I have this code:
import polars as pl
df1 = pl.DataFrame({
'type': ['A', 'O', 'B', 'O'],
'origin': ['EU', 'US', 'US', 'EU'],
'qty1': [343,11,22,-5]
})
df2 = pl.DataFrame({
'type': ['A', 'O', 'B', 'S'],
'origin': ['EU', 'US', 'US', 'AS'],
'qty2': [-200,-12,-25,8]
})
df1.join(df2, on=['type', 'origin'], how='full')
which gives
┌──────┬────────┬──────┬────────────┬──────────────┬──────┐
│ type ┆ origin ┆ qty1 ┆ type_right ┆ origin_right ┆ qty2 │
│ --- ┆ --- ┆ --- ┆ --- ┆ --- ┆ --- │
│ str ┆ str ┆ i64 ┆ str ┆ str ┆ i64 │
╞══════╪════════╪══════╪════════════╪══════════════╪══════╡
│ A ┆ EU ┆ 343 ┆ A ┆ EU ┆ -200 │
│ O ┆ US ┆ 11 ┆ O ┆ US ┆ -12 │
│ B ┆ US ┆ 22 ┆ B ┆ US ┆ -25 │
│ null ┆ null ┆ null ┆ S ┆ AS ┆ 8 │
│ O ┆ EU ┆ -5 ┆ null ┆ null ┆ null │
└──────┴────────┴──────┴────────────┴──────────────┴──────┘
But the output I am after is this:
┌──────┬────────┬──────┬──────┐
│ type ┆ origin ┆ qty1 ┆ qty2 │
│ --- ┆ --- ┆ --- ┆ --- │
│ str ┆ str ┆ i64 ┆ i64 │
╞══════╪════════╪══════╪══════╡
│ A ┆ EU ┆ 343 ┆ -200 │
│ O ┆ US ┆ 11 ┆ -12 │
│ B ┆ US ┆ 22 ┆ -25 │
│ S ┆ AS ┆ null ┆ 8 │
│ O ┆ EU ┆ -5 ┆ null │
└──────┴────────┴──────┴──────┘
I tried suffix=''
via df1.join(df2, on=['type', 'origin'], how='full', suffix='')

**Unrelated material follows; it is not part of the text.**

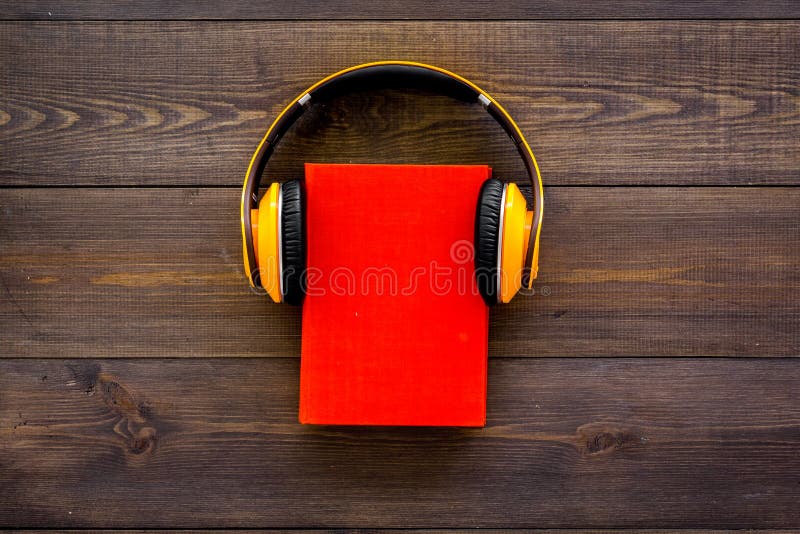 Audiobooksconcept De hoofdtelefoons zetten over boek met harde kaftboek met lege dekking op de donkere houten ruimte van het acht stock afbeelding Audiobooksconcept De hoofdtelefoons zetten over boek met harde kaftboek met lege dekking op de donkere houten ruimte van het acht stock afbeelding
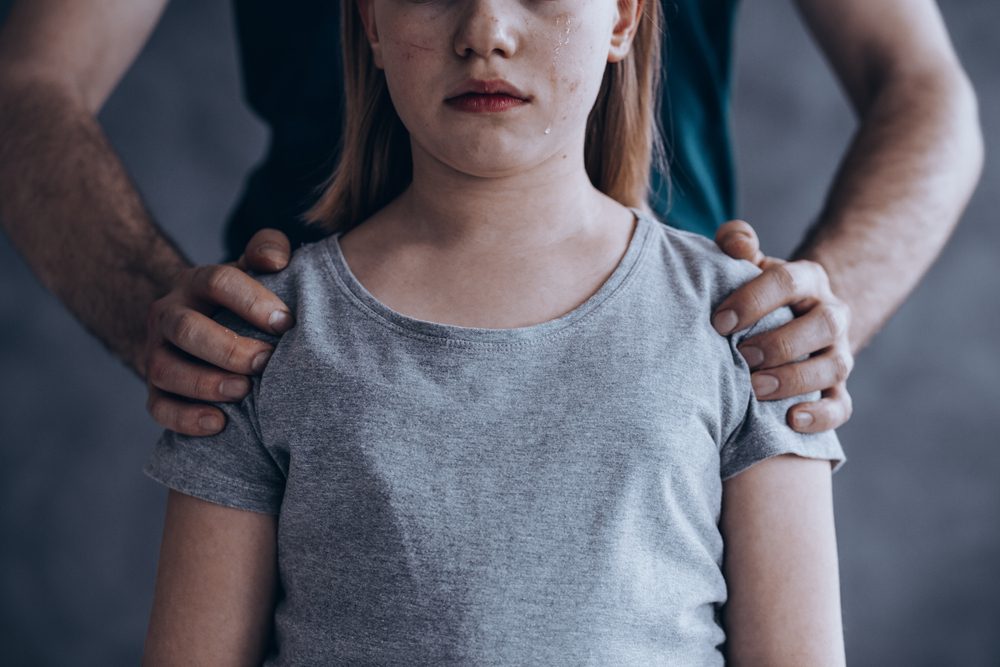 Male hands on little crying girl, concept of children exploitation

, but this raises an error:
DuplicateError: unable to hstack, column with name "type" already exists
How can I achieve this?
You are looking for the coalesce
parameter. Setting it to True
gives the desired result.
df1.join(df2, on=['type', 'origin'], how='full', coalesce=True)
shape: (5, 4)
┌──────┬────────┬──────┬──────┐
│ type ┆ origin ┆ qty1 ┆ qty2 │
│ --- ┆ --- ┆ --- ┆ --- │
│ str ┆ str ┆ i64 ┆ i64 │
╞══════╪════════╪══════╪══════╡
│ A ┆ EU ┆ 343 ┆ -200 │
│ O ┆ US ┆ 11 ┆ -12 │
│ B ┆ US ┆ 22 ┆ -25 │
│ S ┆ AS ┆ null ┆ 8 │
│ O ┆ EU ┆ -5 ┆ null │
└──────┴────────┴──────┴──────┘
From the documentation of pl.DataFrame.join
.
coalesce
Coalescing behavior (merging of join columns).
None
: -> join specific.
True
: -> Always coalesce join columns.
False
: -> Never coalesce join columns.Note that joining on any other expressions than
col
will turn off coalescing.